• Assignment
Write the entries out again exactly as they stand, but without the pictures.

________________________________________

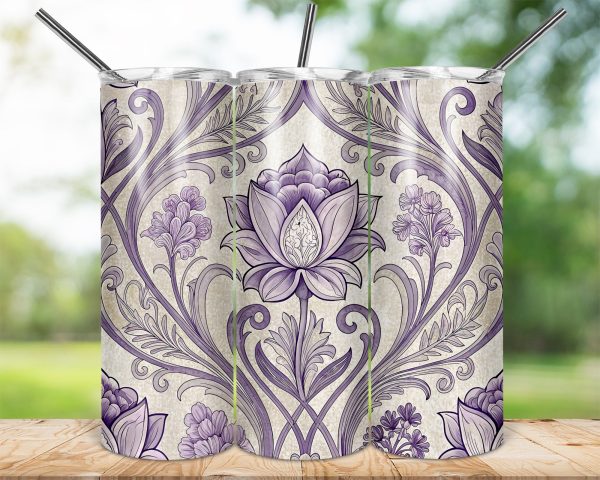 Elegant Purple Floral Design 20oz Skinny Sublimation Tumbler Wrap - Image 2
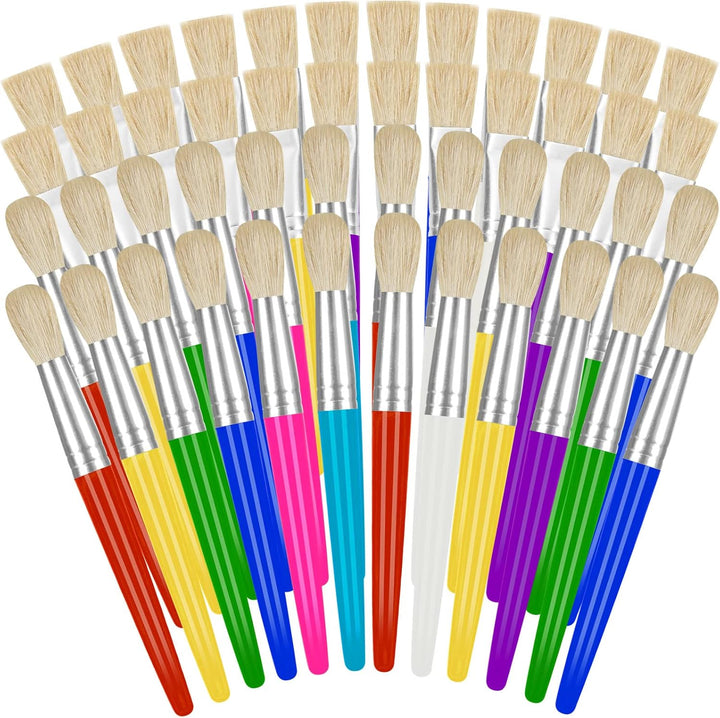 24 Pcs Paint Brushes for Kids Bulk - Colorful round and Flat Kids Paint Brushes, Easy Clean and Hold Toddler Paint Brushes for Acrylic Oil Watercolor Washable Paint
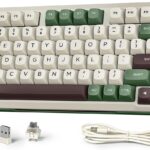 Redragon K681 Pro Wireless Mechanical Keyboard, Gasket Mounted RGB Gaming Keyboard with Volume Knob, MDA-Profile, Pre-Lubed Linear Switches, 81 Keys 75% Tri-Mode Hot Swappable for PC/Xbox/PS (Matcha)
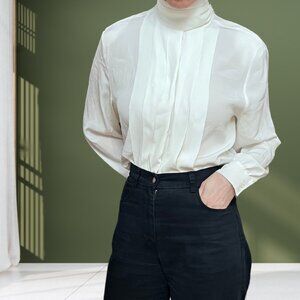 Vintage Cream Sheer Blouse High Neck Pintuck Front Long Sleeve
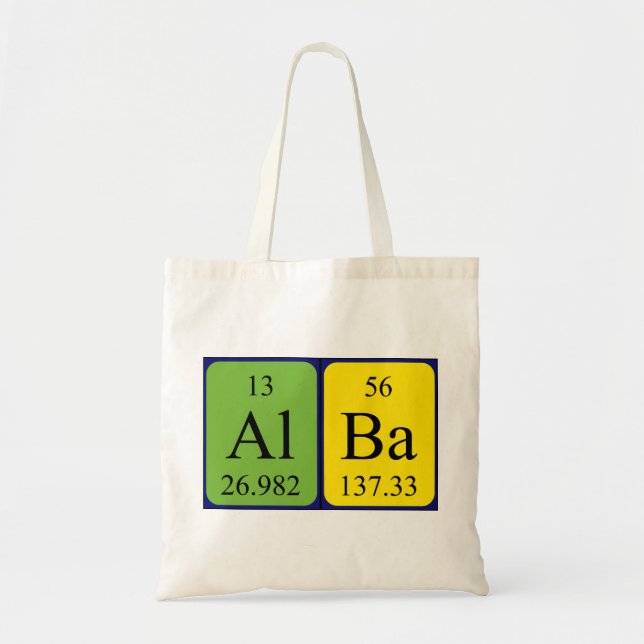 Alba periodic table name tote bag (Front)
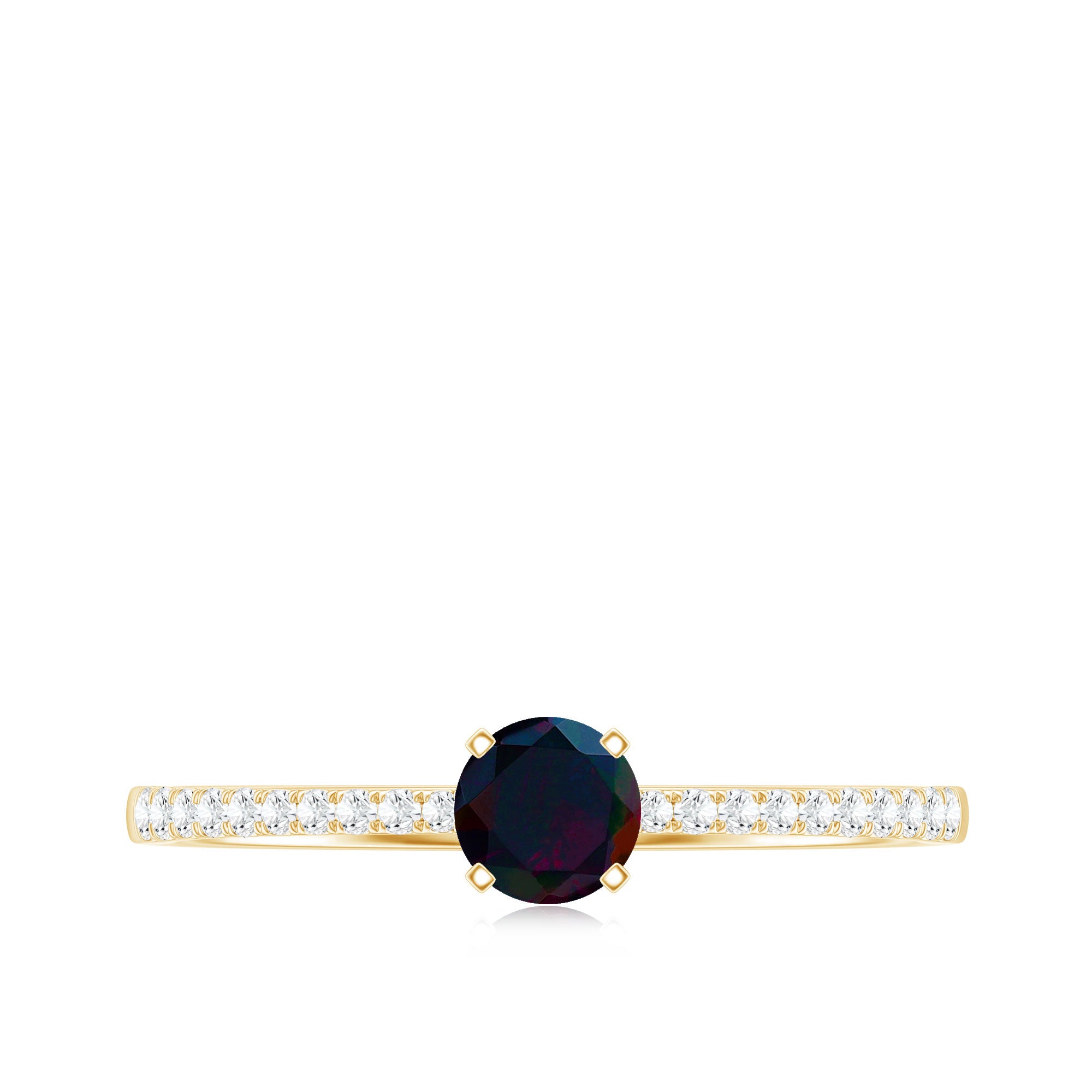 0.4 Carat Round Black Opal Solitaire Engagement Ring with Diamond AAA - Rosec Jewels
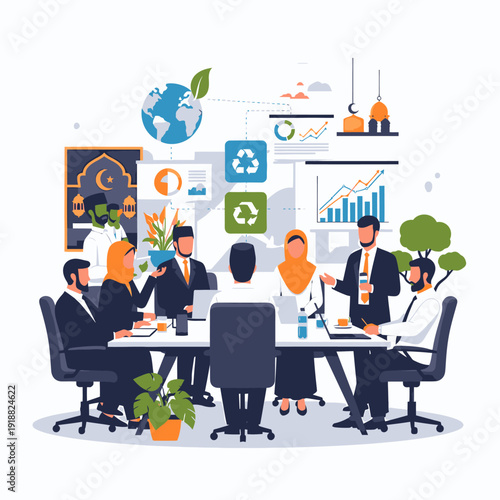 Diverse team discussing business sustainability goals.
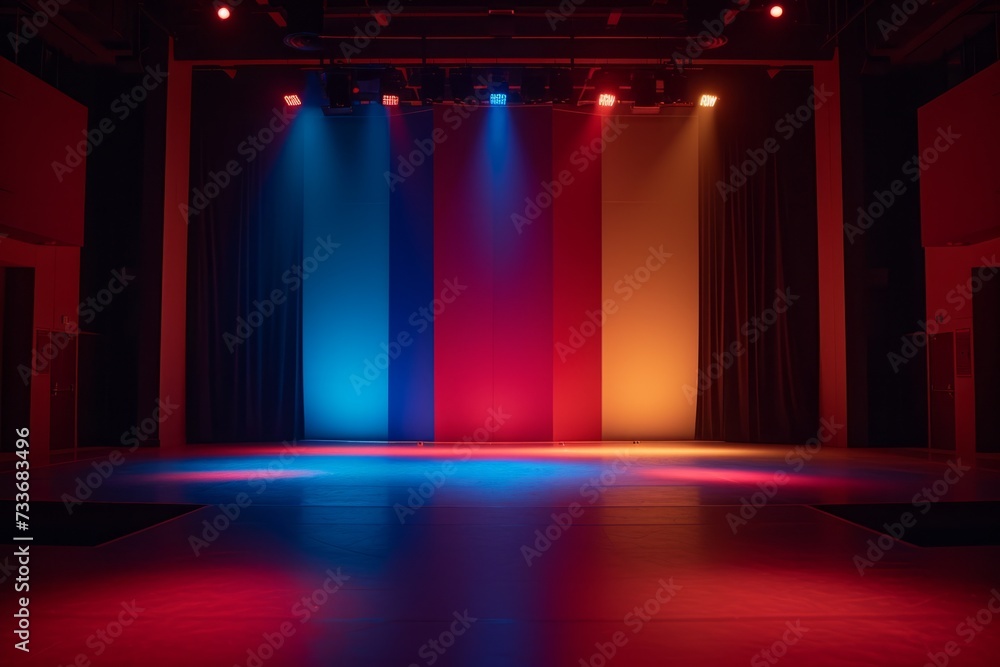 Colorful Lights Illuminate An Empty Stage, Setting Vibrant Atmosphere For Modern Dance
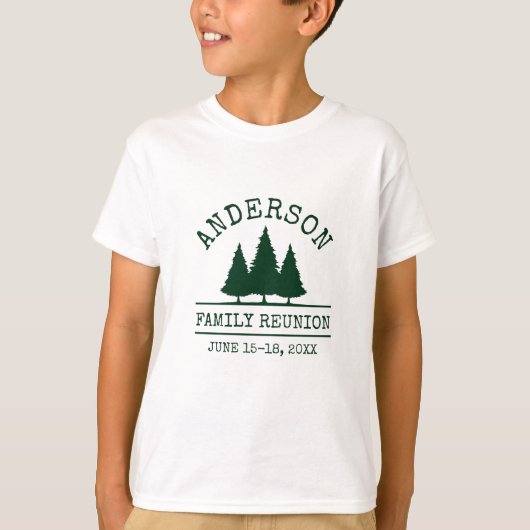 Gezinshereniging Rustic Pine Trees Kind T-shirt (Voorkant)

________________________________________

• Solution
 Elegant Purple Floral Design 20oz Skinny Sublimation Tumbler Wrap - Image 2
 24 Pcs Paint Brushes for Kids Bulk - Colorful round and Flat Kids Paint Brushes, Easy Clean and Hold Toddler Paint Brushes for Acrylic Oil Watercolor Washable Paint
 Redragon K681 Pro Wireless Mechanical Keyboard, Gasket Mounted RGB Gaming Keyboard with Volume Knob, MDA-Profile, Pre-Lubed Linear Switches, 81 Keys 75% Tri-Mode Hot Swappable for PC/Xbox/PS (Matcha)
 Vintage Cream Sheer Blouse High Neck Pintuck Front Long Sleeve
 Alba periodic table name tote bag (Front)
 0.4 Carat Round Black Opal Solitaire Engagement Ring with Diamond AAA - Rosec Jewels
 Diverse team discussing business sustainability goals.
 Colorful Lights Illuminate An Empty Stage, Setting Vibrant Atmosphere For Modern Dance
 Gezinshereniging Rustic Pine Trees Kind T-shirt (Voorkant)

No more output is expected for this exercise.